Although Klipriviersberg falls under the jurisdiction of Joburg City Parks, a “park” is not the best way to describe this place. Klipriviersberg is a very large nature reserve (700 hectares in extent — don’t ask me what that means but I can assure you it’s big), with enough hiking trails to occupy the better part of a day. (See this trail map.) Klipriviersberg has diverse, indigenous plant life and serious wildlife (if you’re lucky enough to spot it): zebras, wildebeests, blesbok, dassies, and more than 200 species of birds. Klipriviersberg has widely varying terrain. It’s only 10 kilometers from downtown Joburg (a 20-minute drive from my house in Brixton) and five kilometers from Soweto.
The reserve is extremely well maintained and admission is free. Basically, Klipriviersberg is a hiking- and nature-lover’s paradise in the middle of the city. I can’t believe I haven’t taken better advantage of it over the past decade, but I plan to change that in 2022.
Visiting the Klipriviersberg Nature Reserve
Thorsten and I have gone hiking in Klipriviersberg twice over the past several months. (The only other time I went was that first time way back in 2010 — I have no idea why it took me so long to return.) Here are some tips I’ve picked up during my two recent visits:
1) Klipriviersberg has two entrances: one in Kibler Park (the main entrance) and one in Mondeor. I’m not sure what the Mondeor entrance is like, but the Kibler Park entrance has a relatively small parking lot that fills up quickly on weekends. There is plenty of parking on the road outside the park though.

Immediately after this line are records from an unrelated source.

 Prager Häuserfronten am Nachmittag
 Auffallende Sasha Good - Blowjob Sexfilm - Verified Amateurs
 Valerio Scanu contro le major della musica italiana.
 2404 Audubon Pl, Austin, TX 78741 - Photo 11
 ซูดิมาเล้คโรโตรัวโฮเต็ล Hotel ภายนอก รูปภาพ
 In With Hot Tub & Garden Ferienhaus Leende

2) Speaking of crowds, Klipriviersberg gets very busy on weekends. You can get there early to beat the rush (the park is open from sunrise to sunset, 365 days a year), but don’t be put off if you arrive and find lots of cars. The reserve is so big that the crowds don’t really matter once you’re inside. Thanks to its proximity to Soweto, Klipriviersberg seems to be really well used by the community and the clientele is super diverse.
3) No pets, bicycles, or alcohol are allowed in Klipriviersberg. It’s more of a hiking/walking place than a picnicking place.

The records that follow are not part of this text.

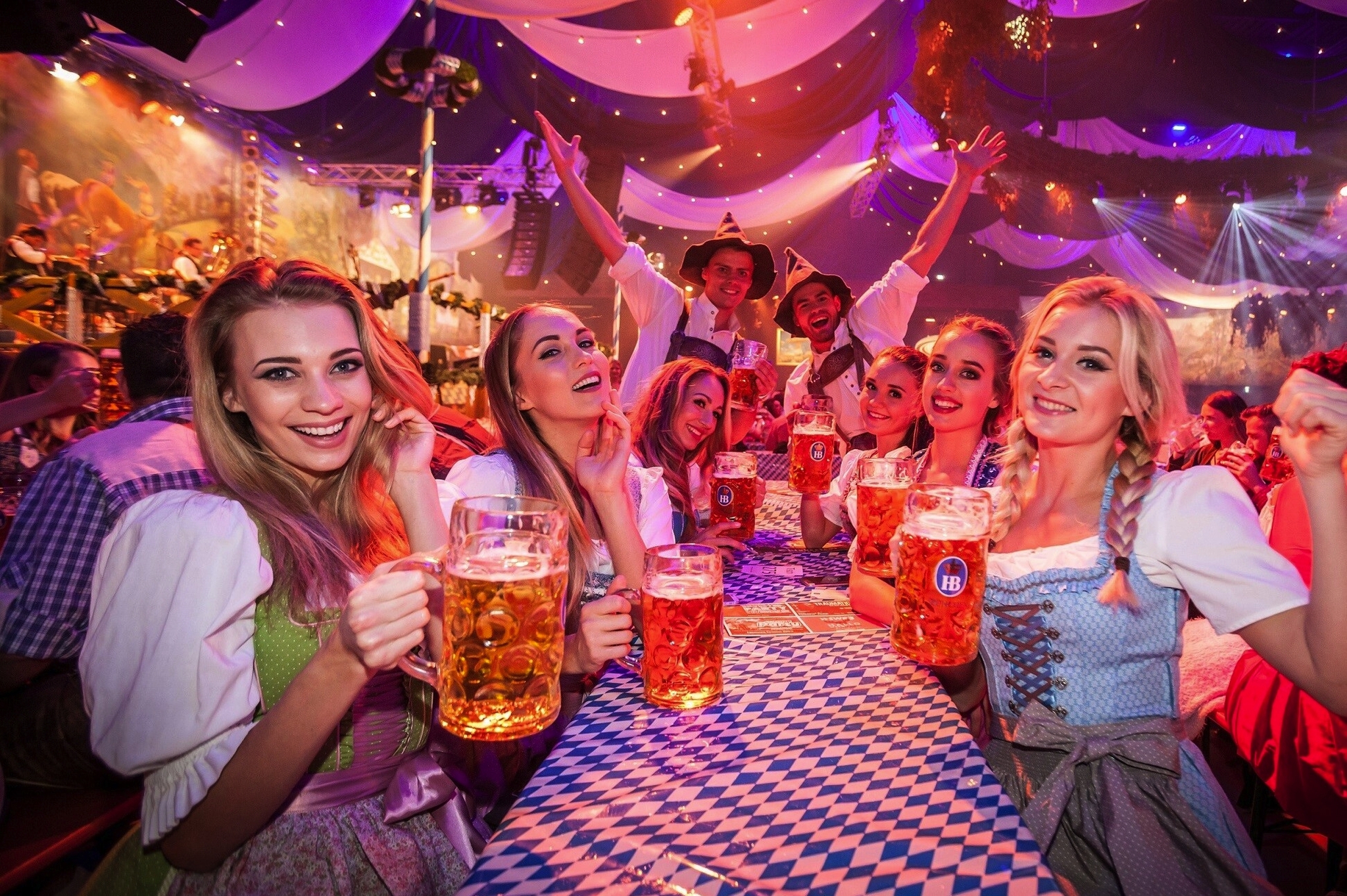 Okoberfest in der Europa-Park Arena Bild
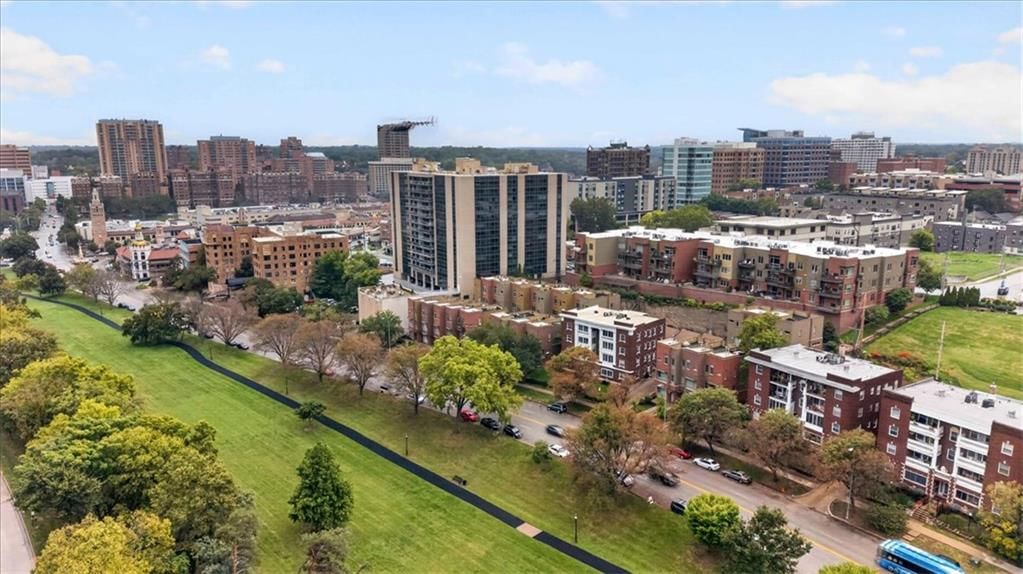 Photo 45 of 48 - 4521 Wornall Road #106, Kansas City, MO 64111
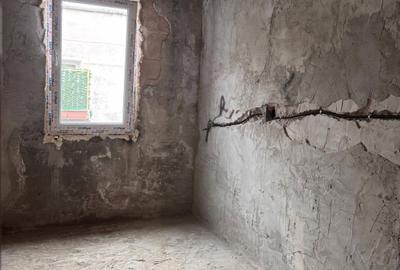 Apartament cu 3 camere semidecomandat în Micro 21 - 1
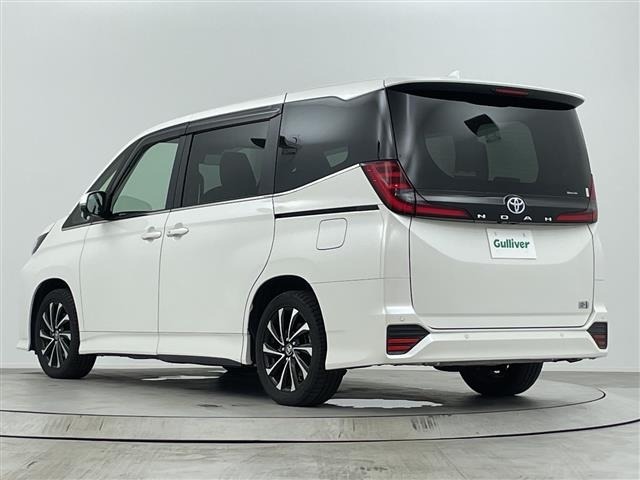 Toyota NOAH 2023 8510715-13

4) We wound up hiking about nine kilometers during both our visits, although we easily could have walked more or less as there are many trails of varying lengths. The trails are well marked and maintained. There’s a lot of climbing and descending on most of the trails so I recommend sturdy hiking shoes. Bring plenty of water and sunscreen.
5) If you’re into birding, bring binoculars. We saw some really colorful birds, including several red bishops and white-fronted bee-eaters.
6) There are many great overlooks in Klipriviersberg, including a really nice view of the Joburg skyline. (We didn’t get to that overlook this time so I don’t have a photo.)
7) There’s a nice little café at the Kibler Park gate, serving drinks, snacks, and toasted sandwiches with chips — highly recommended for a post-hike mini brunch.
8) Definitely take a look at the Klipriviersberg Nature Reserve Association website before you go. This non-profit works closely with Joburg City Parks to maintain the reserve and the website is really informative.
Klipriviersberg is such a great hiking alternative for city dwellers who don’t feel like hauling themselves all the way to the Magaliesberg or beyond. I also love that Klipriviersberg is public space (most of the popular hiking spots on the outskirts of Joburg are privately owned) and free. Please go enjoy it in 2022.